## Work item
Apart from the images, output the data below exactly.

## Information supplied
----

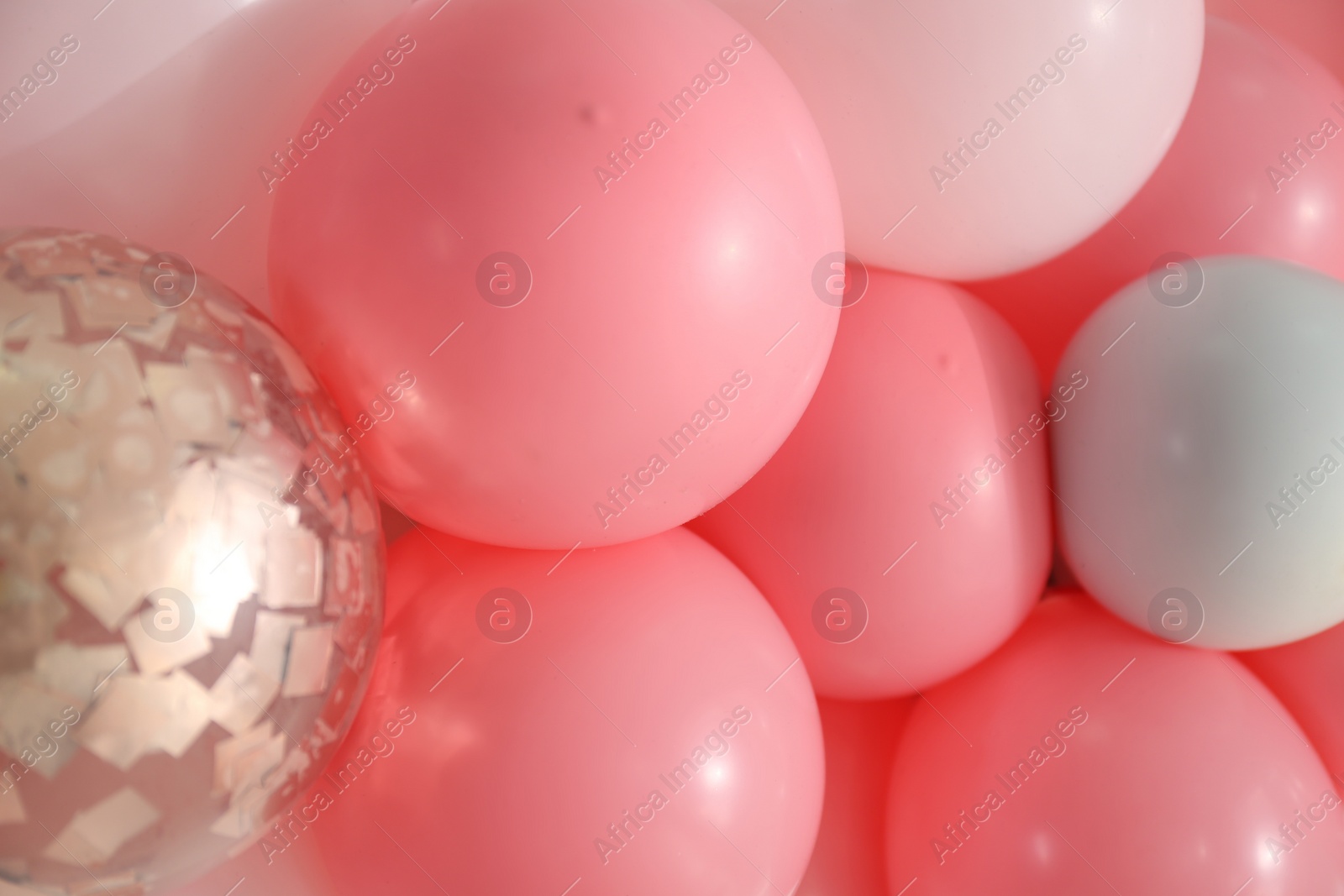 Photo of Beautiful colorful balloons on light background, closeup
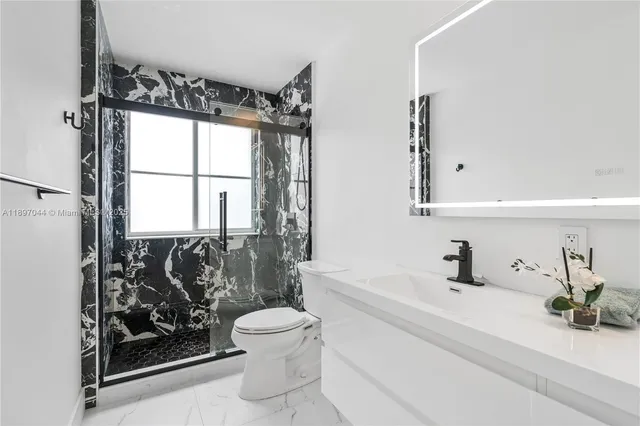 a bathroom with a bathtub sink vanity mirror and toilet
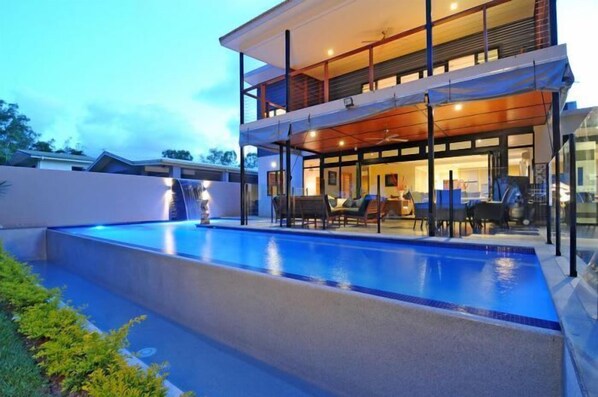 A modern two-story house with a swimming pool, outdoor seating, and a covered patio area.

----

## Result for this task
 Photo of Beautiful colorful balloons on light background, closeup
 a bathroom with a bathtub sink vanity mirror and toilet
 A modern two-story house with a swimming pool, outdoor seating, and a covered patio area.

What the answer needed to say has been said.